→ **Data supplied**

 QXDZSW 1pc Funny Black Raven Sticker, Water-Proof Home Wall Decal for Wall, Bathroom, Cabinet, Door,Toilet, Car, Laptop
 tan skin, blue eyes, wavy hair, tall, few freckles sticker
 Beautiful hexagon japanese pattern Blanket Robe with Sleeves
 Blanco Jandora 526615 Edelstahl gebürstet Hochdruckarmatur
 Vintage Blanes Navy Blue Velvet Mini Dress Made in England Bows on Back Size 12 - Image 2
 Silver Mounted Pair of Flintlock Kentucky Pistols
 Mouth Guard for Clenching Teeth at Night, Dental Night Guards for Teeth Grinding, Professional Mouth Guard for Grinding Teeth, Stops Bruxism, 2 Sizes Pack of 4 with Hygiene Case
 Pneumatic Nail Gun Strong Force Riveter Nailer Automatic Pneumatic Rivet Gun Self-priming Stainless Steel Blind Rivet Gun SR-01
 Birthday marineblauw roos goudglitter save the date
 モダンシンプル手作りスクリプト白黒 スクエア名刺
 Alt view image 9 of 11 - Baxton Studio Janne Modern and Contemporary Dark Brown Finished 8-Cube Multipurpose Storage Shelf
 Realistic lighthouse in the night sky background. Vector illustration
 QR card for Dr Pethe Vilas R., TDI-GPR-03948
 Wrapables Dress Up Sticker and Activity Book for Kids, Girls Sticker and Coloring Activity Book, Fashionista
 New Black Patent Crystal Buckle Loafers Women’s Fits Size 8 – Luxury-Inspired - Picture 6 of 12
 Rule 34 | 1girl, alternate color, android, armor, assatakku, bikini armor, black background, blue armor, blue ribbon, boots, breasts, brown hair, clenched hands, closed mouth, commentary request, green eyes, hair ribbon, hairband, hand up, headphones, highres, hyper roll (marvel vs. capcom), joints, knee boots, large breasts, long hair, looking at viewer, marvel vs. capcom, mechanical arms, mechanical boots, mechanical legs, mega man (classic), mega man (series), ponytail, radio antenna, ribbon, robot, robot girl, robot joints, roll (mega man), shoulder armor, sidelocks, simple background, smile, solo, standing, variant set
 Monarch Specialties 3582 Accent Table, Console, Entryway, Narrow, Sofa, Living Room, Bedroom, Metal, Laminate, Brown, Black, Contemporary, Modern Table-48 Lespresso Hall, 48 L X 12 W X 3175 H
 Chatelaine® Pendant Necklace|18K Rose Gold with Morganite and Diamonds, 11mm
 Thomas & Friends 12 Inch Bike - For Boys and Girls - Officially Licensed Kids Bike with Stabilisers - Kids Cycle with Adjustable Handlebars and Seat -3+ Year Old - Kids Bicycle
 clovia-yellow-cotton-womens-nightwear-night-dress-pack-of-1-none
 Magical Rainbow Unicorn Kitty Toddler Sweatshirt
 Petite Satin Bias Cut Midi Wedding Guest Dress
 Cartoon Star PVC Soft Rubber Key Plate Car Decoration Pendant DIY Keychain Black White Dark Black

→ **The problem**
Among the records above, repeat exactly the line with "Thomas & Friends", the line with "Petite Satin Bias", and every line in between, and only those.

→ **Output of the exercise**
 Thomas & Friends 12 Inch Bike - For Boys and Girls - Officially Licensed Kids Bike with Stabilisers - Kids Cycle with Adjustable Handlebars and Seat -3+ Year Old - Kids Bicycle
 clovia-yellow-cotton-womens-nightwear-night-dress-pack-of-1-none
 Magical Rainbow Unicorn Kitty Toddler Sweatshirt
 Petite Satin Bias Cut Midi Wedding Guest Dress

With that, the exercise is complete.